Task requirements
Leaving out every picture, copy the lines of the material below exactly, from the line containing "HUMAN FRONTIERS: THE" through the line containing "MANAGING DIGITAL PROJECTS: Meeting".

Data records

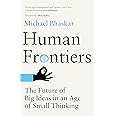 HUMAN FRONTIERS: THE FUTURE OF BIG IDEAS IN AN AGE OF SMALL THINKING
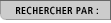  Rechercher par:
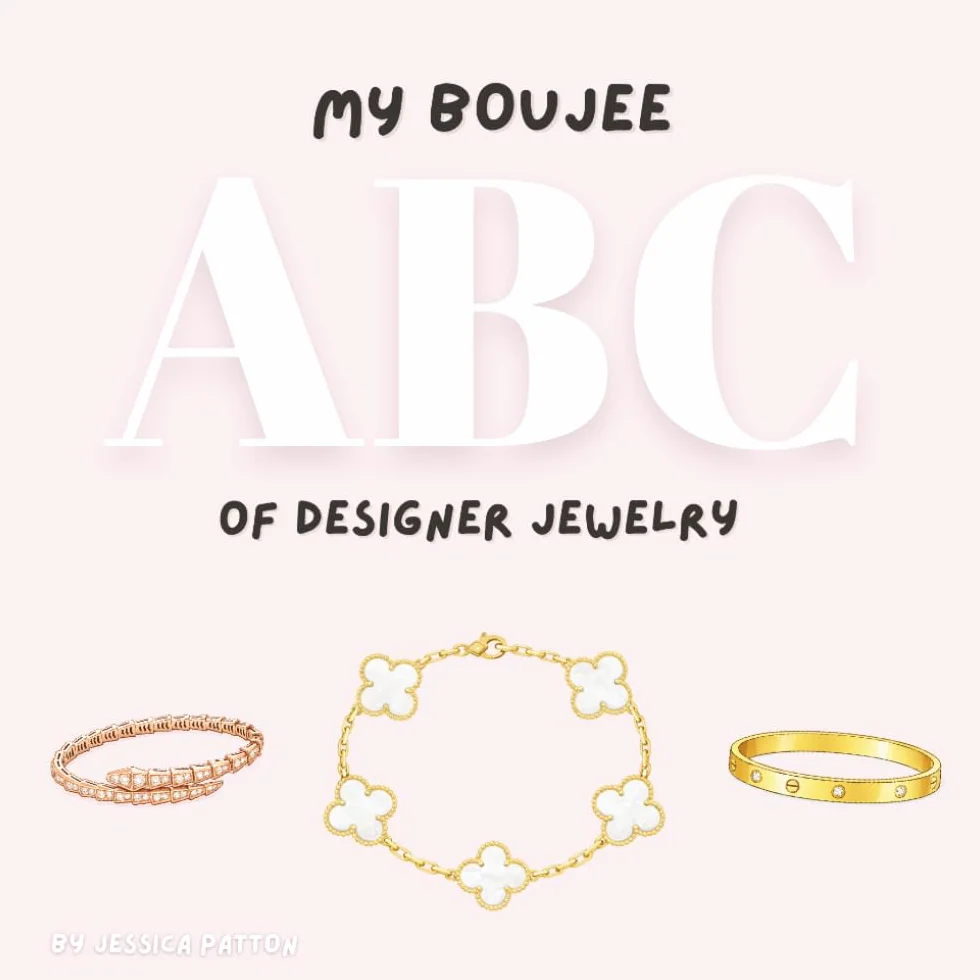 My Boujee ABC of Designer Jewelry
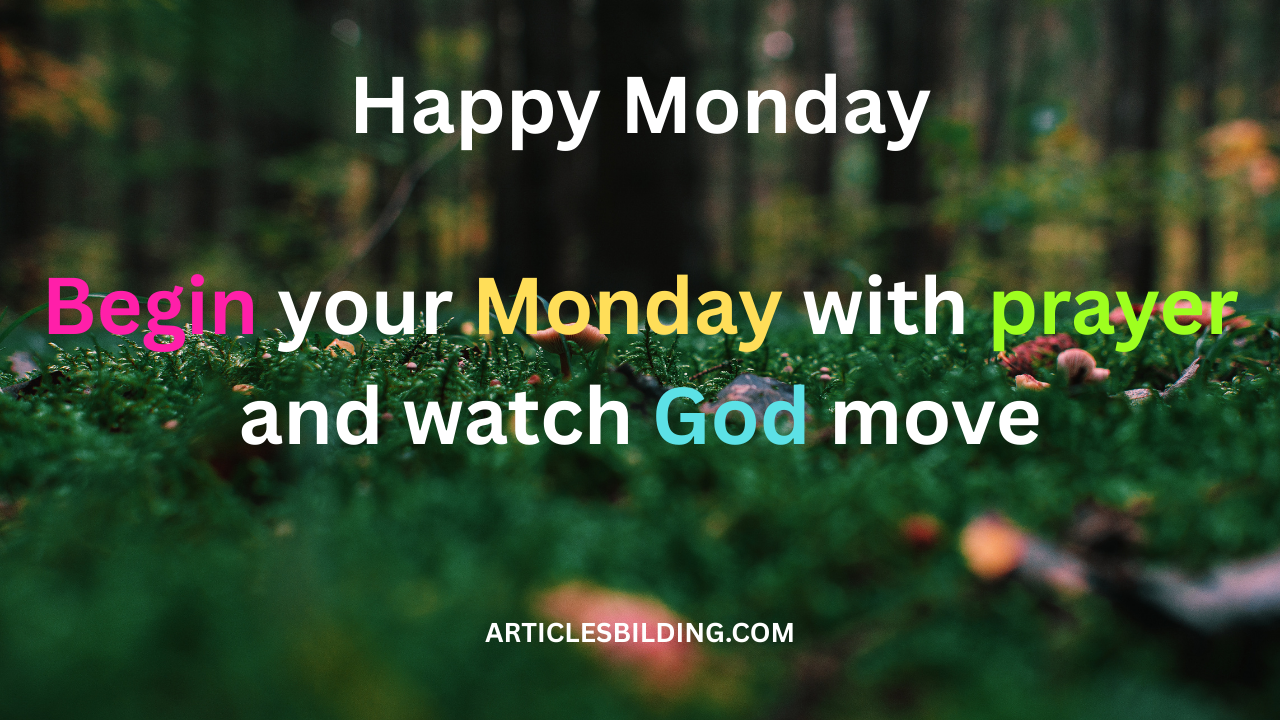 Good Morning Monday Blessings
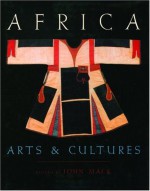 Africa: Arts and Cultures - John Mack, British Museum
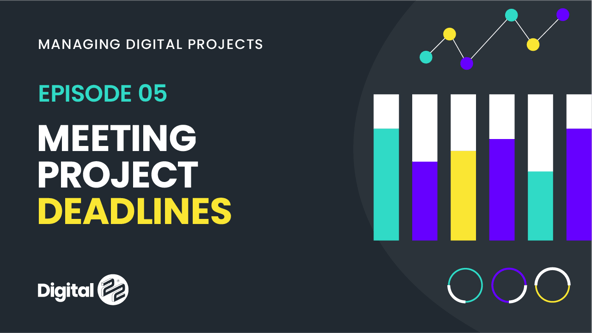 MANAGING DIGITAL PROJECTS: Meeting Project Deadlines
---
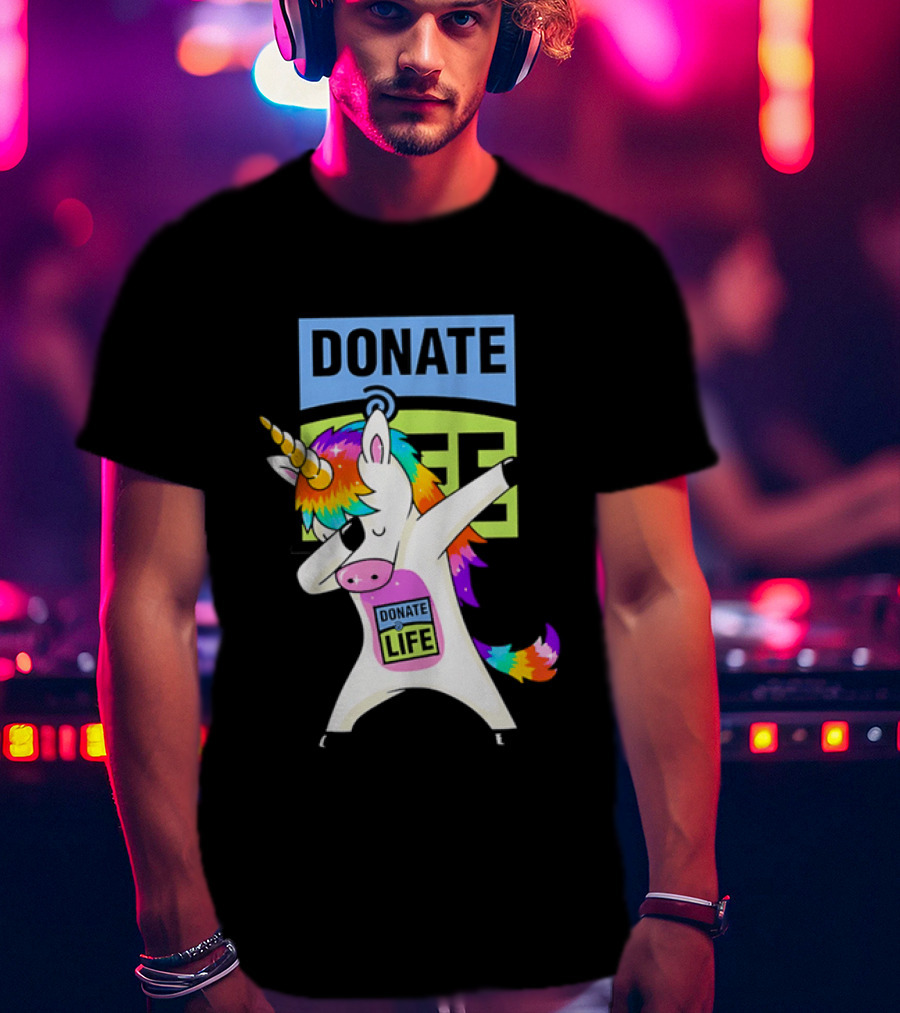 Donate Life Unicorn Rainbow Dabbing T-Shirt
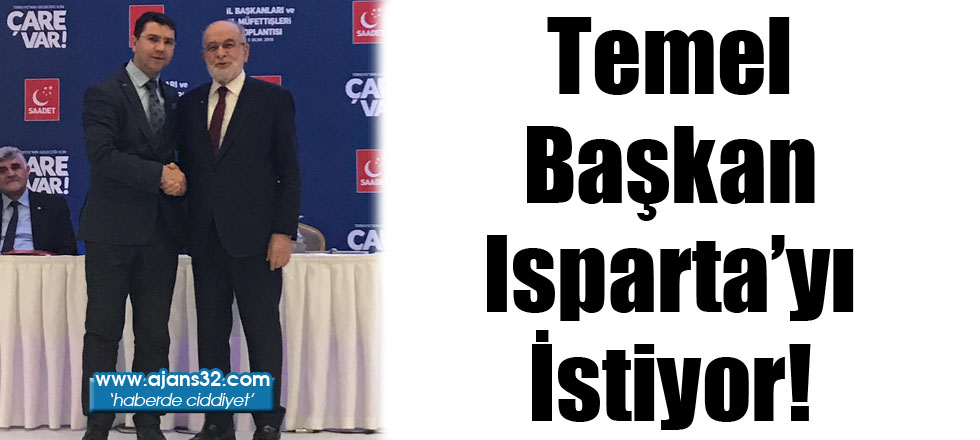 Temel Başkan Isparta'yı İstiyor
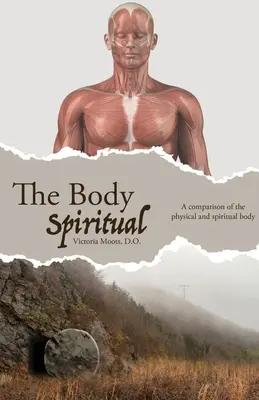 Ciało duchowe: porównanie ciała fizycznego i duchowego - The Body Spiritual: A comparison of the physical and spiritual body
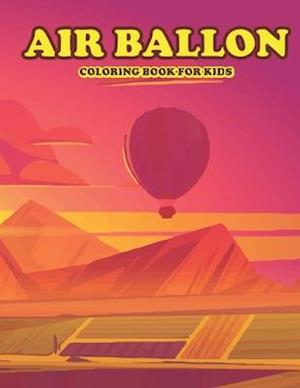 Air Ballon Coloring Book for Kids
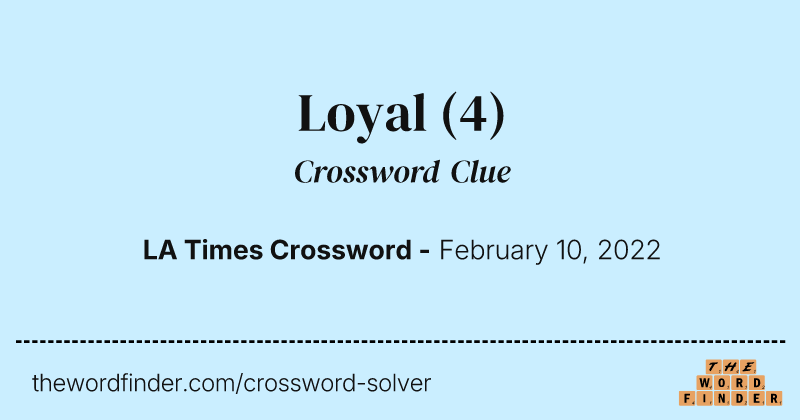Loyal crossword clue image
--
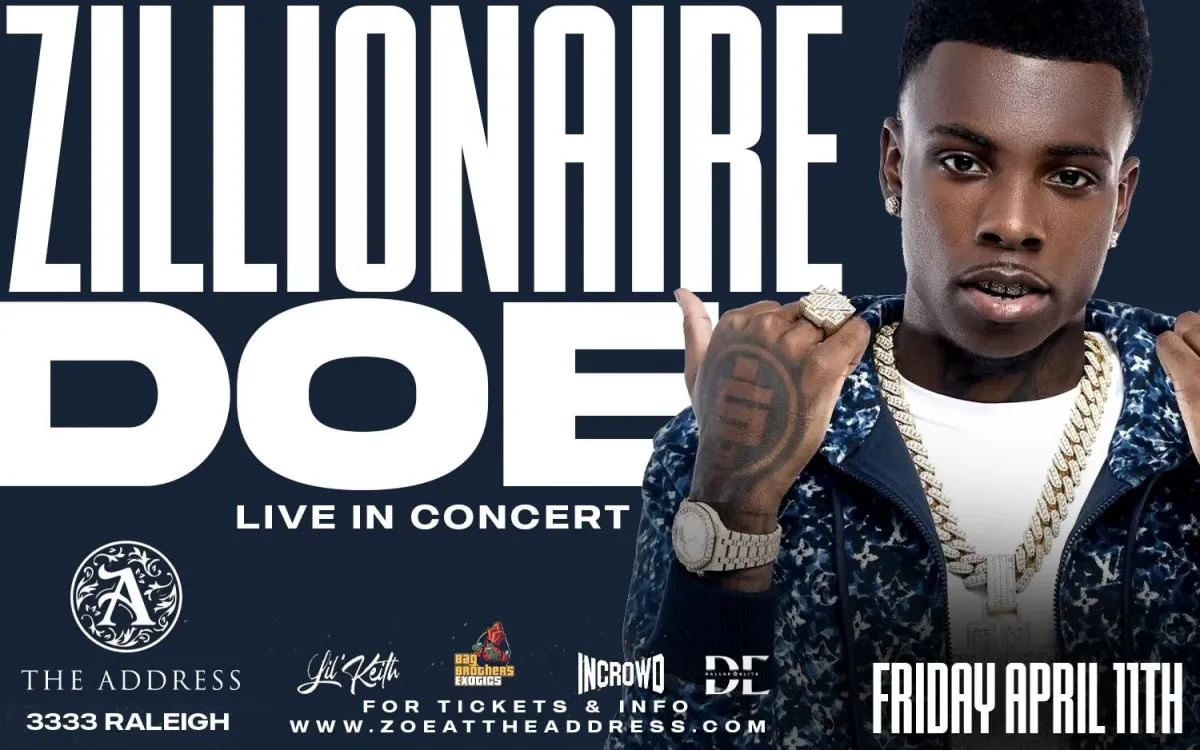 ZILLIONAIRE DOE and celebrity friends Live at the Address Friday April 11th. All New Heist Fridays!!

Response to this task
 HUMAN FRONTIERS: THE FUTURE OF BIG IDEAS IN AN AGE OF SMALL THINKING
  Rechercher par:
 My Boujee ABC of Designer Jewelry
 Good Morning Monday Blessings
 Africa: Arts and Cultures - John Mack, British Museum
 MANAGING DIGITAL PROJECTS: Meeting Project Deadlines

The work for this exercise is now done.